Wednesday, May 13, 2015

Baldizon leads in run up to September elections

Writing for Bloomberg, Michael McDonald takes a look at recent developments in Guatemala with an eye on the country's presidential elections scheduled for September.
Four months before the vote, a poll released last week by Guatemalan firm ProDatos showed Baldizon leading the field with 30 percent. Former first lady Sandra Torres and Sinibaldi were tied for second with 14.7 percent each. The survey of 1,200 people had a margin of error of 2.8 percentage points.

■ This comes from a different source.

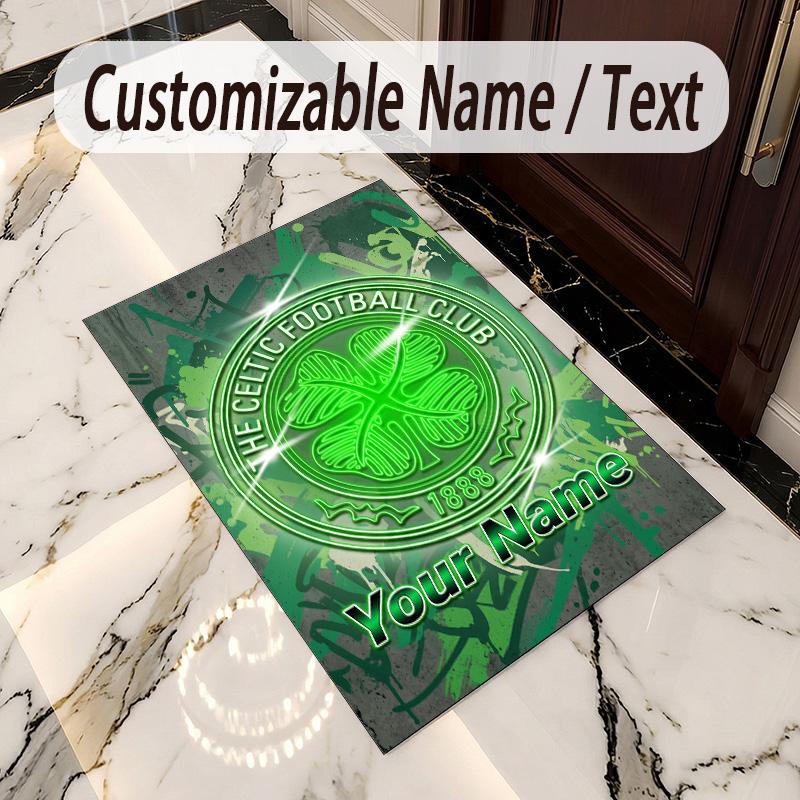 Crystal Velvet Rug Celtic FC Print Custom Name Text Floor Mat Home Decor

Guatemala’s next president will oversee a government that has struggled to boost tax revenue that is already one of the lowest in Latin America as a share of gross domestic product and projected to fall further. Fraud and the smuggling of goods costs the government the equivalent of 3.6 percent of GDP, according to Raquel Zelaya, director of Guatemalan think tank ASIES.

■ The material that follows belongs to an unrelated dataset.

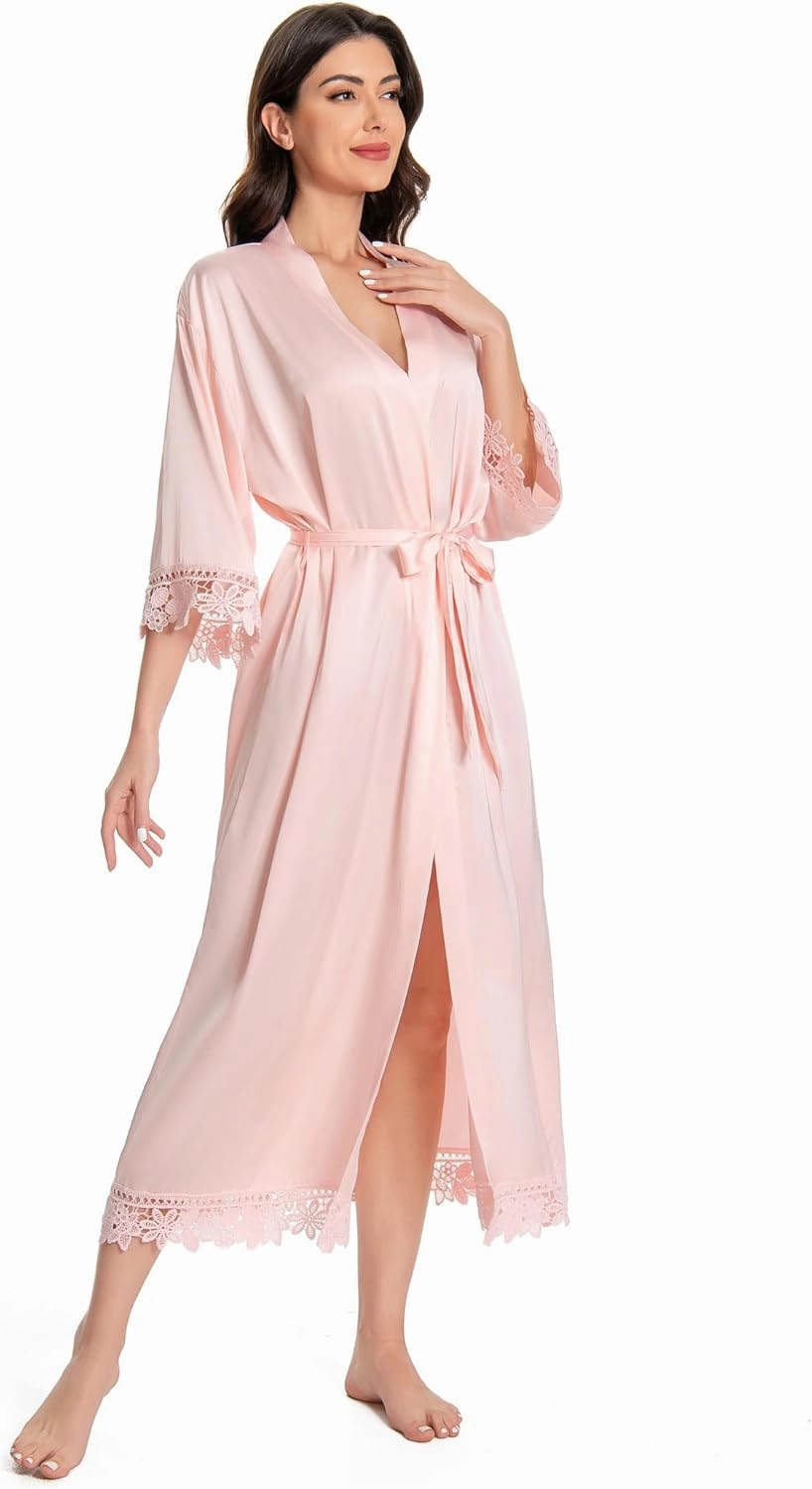 Women's Lace Trim Long Satin Kimono Bridal Robes for Bride and Bridesmaid - Wedding Gifts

“Tax collection morale is as low as the ground,” she said.
Baldizon’s move to name former central bank President Edgar Barquin as his running mate is a positive sign to investors, said Grais-Targow.
“Guatemala has very well-run macroeconomic policy and a very strong central bank,” she said. “Those are things that aren’t going to change.”
 Guatemala's criminal justice system and CICIG continue to face an uphill battle.